Certainly, a life where one is only concerned with one’s self is going to have negative results. One will never be happy this way, or fulfilled, in any substantial way. So there is a merit in saying that one should “live for God.” But again, in practice, what does that really mean? How does one do that when one doesn’t even really have the same definition of “God” that most people do, and how does one do that when one doesn’t really even have a sense of God really existing?

And since I asked Keegan to read this, I’ll mention him in here as well at this point: after many debates about religion, he finally told me the truest thing that he ever said to me: “You have a really weird definition of religion, dude.”

That’s a perfect statement of me and how I approach religion as a whole: I don’t understand Christianity as most (not all) Christians do, and it’s likely that I don’t understand Sufism as most Sufis do, though that’s not the same kind of gap. But I’m not a “heretic” in the traditional sense where I simply don’t agree on a few doctrines or dogmas. My entire approach to religion is different than most religious people’s approach, and truth be told, many would label me more agnostic or even atheistic than they would theistic and religious.

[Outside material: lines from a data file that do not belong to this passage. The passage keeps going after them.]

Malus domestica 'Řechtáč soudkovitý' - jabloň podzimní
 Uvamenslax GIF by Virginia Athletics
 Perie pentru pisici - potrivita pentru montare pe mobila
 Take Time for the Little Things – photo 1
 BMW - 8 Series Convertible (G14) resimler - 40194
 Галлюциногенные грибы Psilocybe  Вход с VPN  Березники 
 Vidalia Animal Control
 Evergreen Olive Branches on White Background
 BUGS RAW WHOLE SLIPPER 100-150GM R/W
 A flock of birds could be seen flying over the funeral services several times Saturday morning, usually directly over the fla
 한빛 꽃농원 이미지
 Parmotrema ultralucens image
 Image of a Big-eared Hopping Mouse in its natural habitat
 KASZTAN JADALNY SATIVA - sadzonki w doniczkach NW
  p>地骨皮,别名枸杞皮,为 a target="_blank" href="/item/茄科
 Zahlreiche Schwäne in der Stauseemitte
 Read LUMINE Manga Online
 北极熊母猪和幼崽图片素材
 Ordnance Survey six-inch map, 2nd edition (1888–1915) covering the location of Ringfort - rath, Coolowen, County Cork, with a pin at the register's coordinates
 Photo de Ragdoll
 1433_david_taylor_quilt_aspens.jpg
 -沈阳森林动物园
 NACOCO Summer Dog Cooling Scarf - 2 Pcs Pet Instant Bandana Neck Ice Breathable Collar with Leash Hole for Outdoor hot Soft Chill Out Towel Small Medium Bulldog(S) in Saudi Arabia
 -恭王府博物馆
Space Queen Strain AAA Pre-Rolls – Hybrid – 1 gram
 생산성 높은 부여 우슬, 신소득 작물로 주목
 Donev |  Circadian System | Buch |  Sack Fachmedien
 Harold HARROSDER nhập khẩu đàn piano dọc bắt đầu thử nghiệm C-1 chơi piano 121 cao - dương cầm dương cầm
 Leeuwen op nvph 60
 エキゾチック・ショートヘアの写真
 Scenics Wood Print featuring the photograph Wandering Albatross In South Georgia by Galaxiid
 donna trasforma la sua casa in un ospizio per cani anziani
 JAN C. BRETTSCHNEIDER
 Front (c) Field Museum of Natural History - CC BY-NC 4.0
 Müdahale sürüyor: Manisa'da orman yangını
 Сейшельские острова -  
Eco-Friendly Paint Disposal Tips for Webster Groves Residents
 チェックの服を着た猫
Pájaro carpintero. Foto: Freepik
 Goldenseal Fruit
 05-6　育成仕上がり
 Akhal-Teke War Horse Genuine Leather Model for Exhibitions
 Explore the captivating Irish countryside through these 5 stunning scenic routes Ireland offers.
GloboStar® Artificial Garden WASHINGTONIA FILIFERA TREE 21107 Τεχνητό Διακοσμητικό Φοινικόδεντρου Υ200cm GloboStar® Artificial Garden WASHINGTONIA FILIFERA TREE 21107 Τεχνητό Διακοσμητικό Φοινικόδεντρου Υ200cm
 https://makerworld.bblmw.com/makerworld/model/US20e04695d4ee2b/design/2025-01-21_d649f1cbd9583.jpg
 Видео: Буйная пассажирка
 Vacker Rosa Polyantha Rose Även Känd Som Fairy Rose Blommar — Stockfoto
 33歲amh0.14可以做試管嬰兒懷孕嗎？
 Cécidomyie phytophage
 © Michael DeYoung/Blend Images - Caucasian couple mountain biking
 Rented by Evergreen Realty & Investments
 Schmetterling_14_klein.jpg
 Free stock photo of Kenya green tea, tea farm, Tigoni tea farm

So the point is, in line with Keegan’s words, I see religion as a tool, as a means to an end, not as an end in itself. This is perhaps where Bernadette Roberts and I would part ways in terms of the Holy Eucharist, as she affirms that it is an end in itself as THE Cosmic Christ, and I would say the Holy Eucharist is the means to Nirvana while also (potentially) being an end in itself. I could be wrong, and time will tell.

Maybe the reality is that one can’t understand God or religion until one has gone through other religions and even through atheism. Who knows?

This gave me another idea to write about.